In this context, removing the UAE’s quota constraints will only lend further liquidity to Abu Dhabi’s strategic repositioning around AI chip and data-centre infrastructure.
Judicious timing
While the UAE’s Opec exit was not caused by the current logistical constraints in the Strait of Hormuz, they influenced the timing.
Since the UAE’s west-east oil pipeline capacity is limited to around 1.8 million b/d, it cannot physically flood the market with oil, so the near-term price implications are structurally bound.
This has blunted the impact and the potential diplomatic fallout that could have arisen from an exit at a price-sensitive time for the global energy market. The timing of the UAE’s move is therefore carefully calibrated for minimal present impact but maximum long-term gain when current conditions end.

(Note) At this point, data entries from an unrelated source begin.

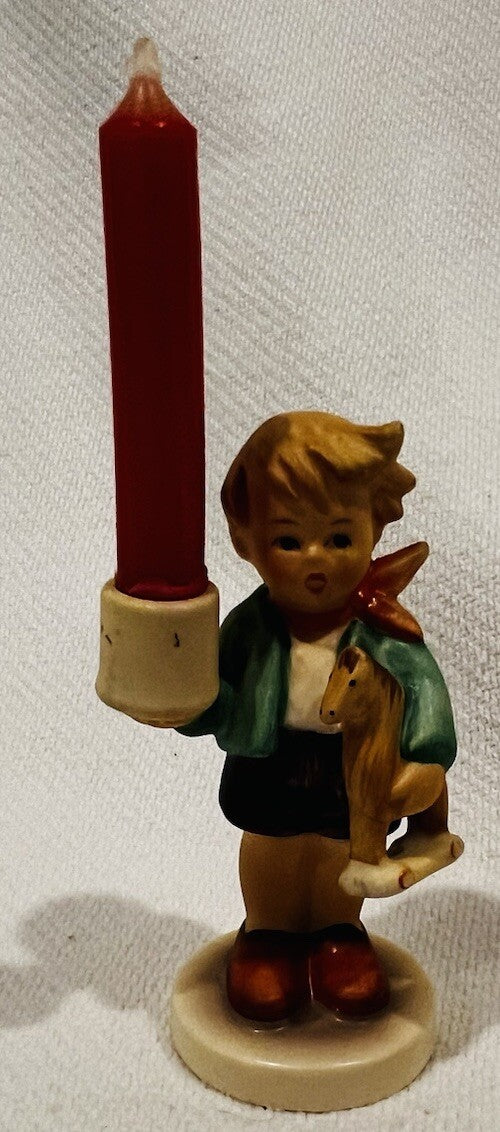 Goebel Hummel Boy Figure with Candle Horse 117 Trademark W. Germany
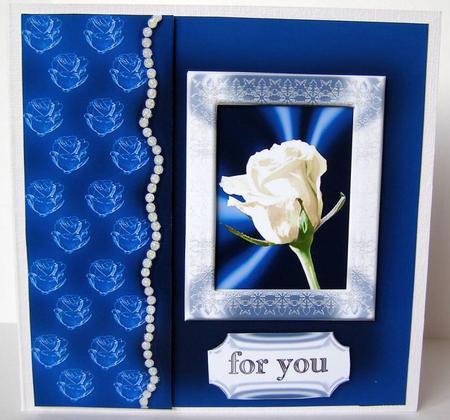 Roses and Pearls - Blue by Margaret McCartney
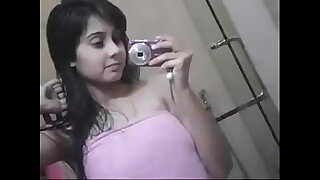 cute gf selfie in pink towel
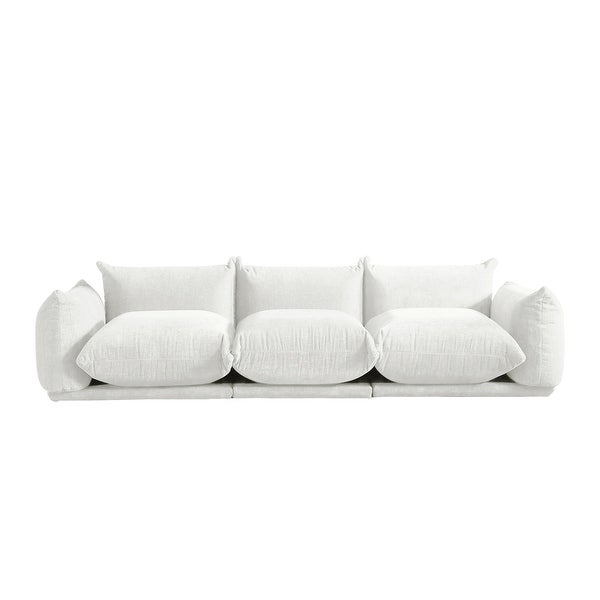 3 Seat Chenille Fabric Sectional Sofa with Ottoman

The longer-term structural consequences for Opec are a different matter. The UAE was one of only two members, alongside Saudi Arabia, with meaningful spare capacity, and its departure leaves the group with fewer tools to manage the market.
In the wake of the UAE’s departure, both Kazakhstan and Nigeria have been flagged as candidates to follow. Opec thus faces a future of further fragmentation and ever-diminishing leverage over global energy prices.

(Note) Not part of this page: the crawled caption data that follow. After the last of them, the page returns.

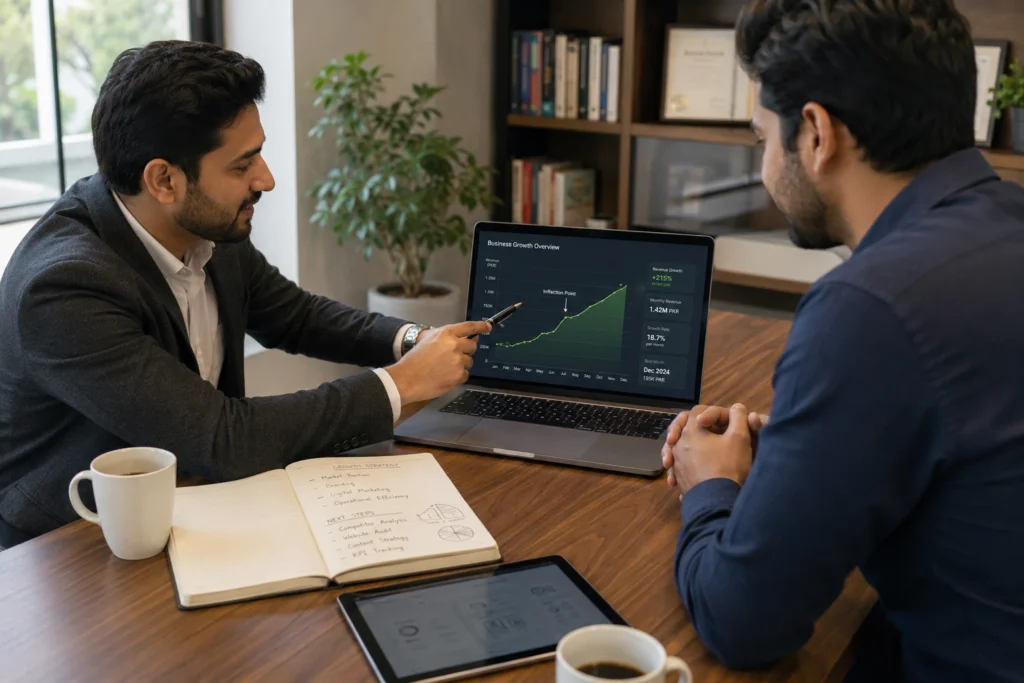 "Business growth consultant analyzing revenue growth strategy with entrepreneur during strategic planning consultation session"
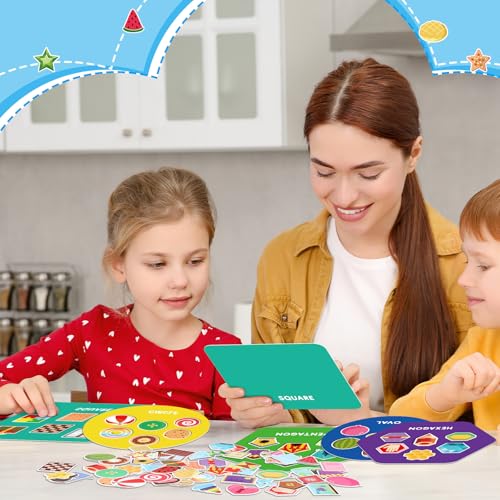 Image of Halloscume 70 Pcs Shape Sorters for Toddlers Shape Puzzle and Matching Games Set with 10 Sorting Mats and 60 Everyday Objects Pieces for Kids Preschool Classroom Child Learning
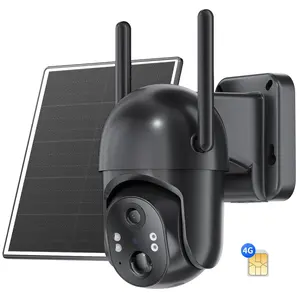 4G LTE Cellular Trail Camera with Night Vision, Security Camera Outdoor, No WiFi Solar Powered Camera with AI Motion Detection, 360 °   Live View, 2.7K Color, PIR Motion Sensor, 2 Way Talk, Built in SIM Card 2-Way Audio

Even as the move increases broader energy market uncertainty, however, it may reduce uncertainty for the UAE.
Opec negotiations are unpredictable and characteristically subject to the geopolitical mood. Outside of the group, Abu Dhabi’s production trajectory becomes a known quantity – gradual, measured and tied to its infrastructure rather than the outcome of the next Opec meeting.
So while the motives behind the UAE’s exit are multiple, they are mutually reinforcing. Production ambition, diverging fiscal calculi, strained bilateral relations, US alignment and a repositioning around AI all converge not as competing explanations, but as reasons that have collectively made membership dispensable.
They are also all layers of a singular decision that has been building for years – executed at a moment of reduced collateral cost into a market that is too disrupted to react.